S'agissant d'un salarié ayant tenté de mettre fin à ses jours à son domicile, la Cour de Cassation a jugé « qu'un accident qui se produit à un moment où le salarié ne se trouve plus sous la subordination de l'employeur constitue un accident du travail dès lors que le salarié établit qu'il est survenu par le fait du travail » (Cass.

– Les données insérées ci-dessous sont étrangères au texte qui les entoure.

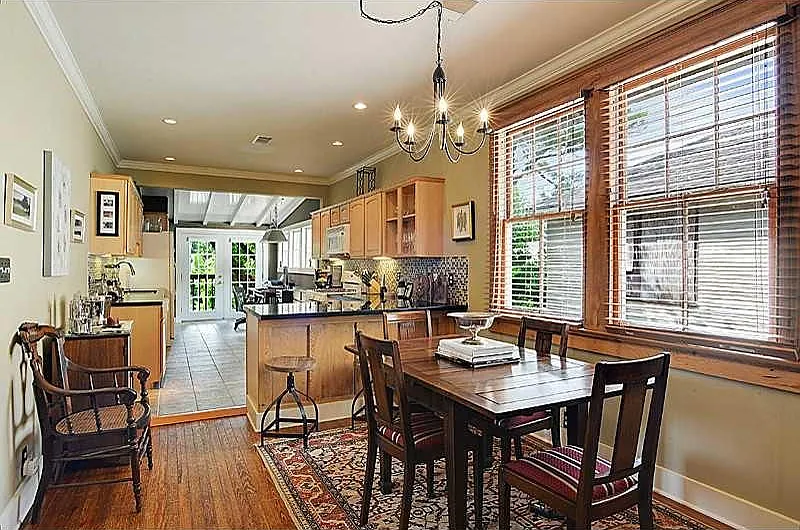 4 bed, 2200 sqft, $5,000 — Photo 4
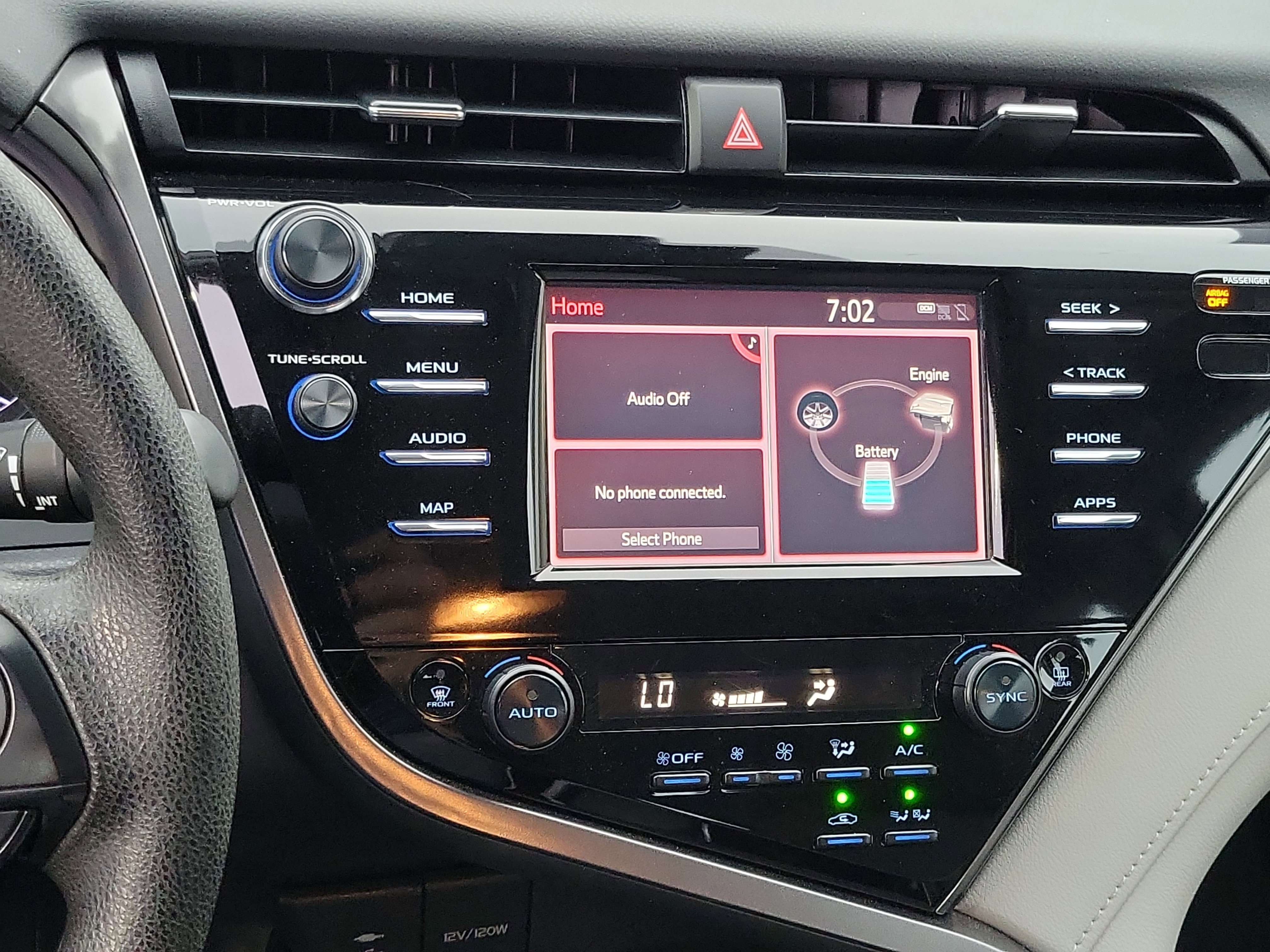 Used 2019 Toyota Camry LE image 13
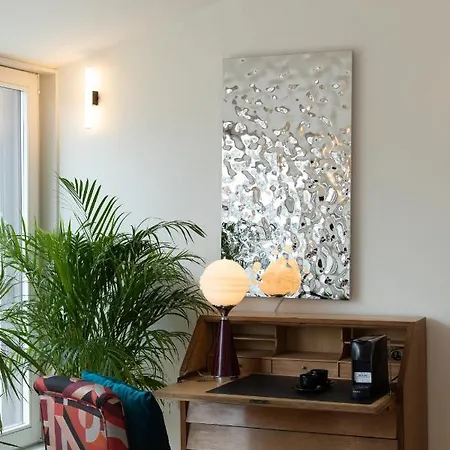 Almadina Smart Luxury Porto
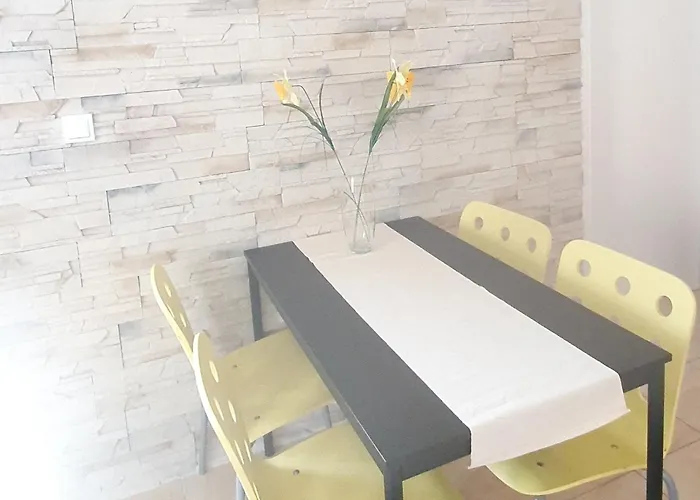 - Pine Diklo Apartment Zadar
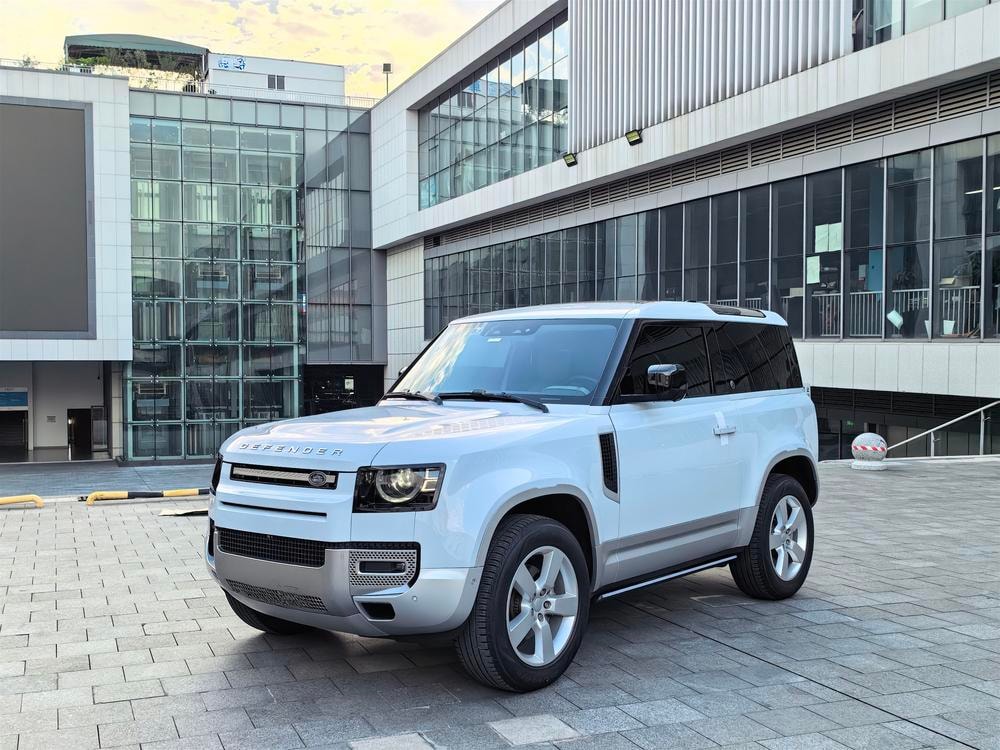 Land Rover Defender 2022 — фото автомобиля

Civ. 2ème, 22 février 2007, pourvoi n°05-13771).

Il n’est donc pas nécessaire d’identifier avec certitude toutes les causes d'un acte aussi personnel qu'un suicide.

Le seul critère posé par la Cour de Cassation est celui d'un événement survenu « par le fait du travail », en lien direct et certain avec le travail, nonobstant d'autres causes éventuelles.

Dans ce dossier, nous sommes parvenus à établir, avec l'aide de l'Inspection du Travail, que la victime

  • avait été recrutée sur un poste sensible, ayant une importance vitale pour l'employeur (renouveler une accréditation indispensable à son activité économique)
  • qu'elle n'avait ni expérience ni formation sur le sujet qui lui était confié, qui l'a rapidement dépassé
  • que pour être à la hauteur, elle s’est fortement engagée dans le travail, travaillant la nuit et le week-end
  • qu'elle avait une peur panique de décevoir son employeur, et fondait en larmes à son poste de travail au moins une fois par semaine
  • que son supérieur hiérarchique avait à son égard un comportement grossier, et lui avait brutalement supprimé des congés payés négociés plusieurs mois plus tôt
  • que son employeur avait « oublié » de l'inviter à une fête de l'entreprise.

Retenant ces éléments, la Cour d'Appel de PARIS a jugé que « la cause du décès de Mme X. est imputable à son travail, son suicide de revêtant pas un caractère volontaire puisant son origine dans des difficultés privées et personnelles. »

Pour le travail de préparation de ce dossier, nous nous sommes notamment appuyé sur :

Les études de l'INRS intitulées « Suicide en lien avec le travail » et « Le stress au travail », qui soulignent notamment :

« D'après l'Agence européenne pour la sécurité et la santé au travail (...), un état de stress « survient lorsqu'il y a un déséquilibre entre la perception qu'une personne a des contraintes que lui impose son environnement et la perception qu'elle a de ses propres ressources pour y faire face ».



L'identification d'un problème de stress au travail peut passer par une analyse de facteurs tels que l'organisation et les processus de travail (aménagement du temps de travail, degré d'autonomie, adéquation du travail aux capacités des travailleurs, charge de travail, etc.), les conditions et l'environnement de travail (exposition un comportement abusif, au bruit, à la chaleur, à des substances dangereuses, etc.), la communication (incertitude quand à ce qui est attendu au travail, perspectives d'emploi, changements à venir, etc.) et des facteurs subjectifs (pressions émotionnelles et sociales, impression de ne pas pouvoir faire face à la situation, perception d'un manque de soutien, etc.).


Enfin, une très intéressante décision de jurisprudence de la Cour d'Appel de DOUAI, s'agissant d'un salarié « fragilisé » par un précédent licenciement, et qui s'est suicidé après avoir été embauché par un nouvel employeur. Il a été jugé que son décès n'en est pas moins directement lié aux conditions d'exercice de son activité professionnelle dans les semaines précédentes (Cour d’Appel de DOUAI, 31 janvier 2013, RG n°11/00443).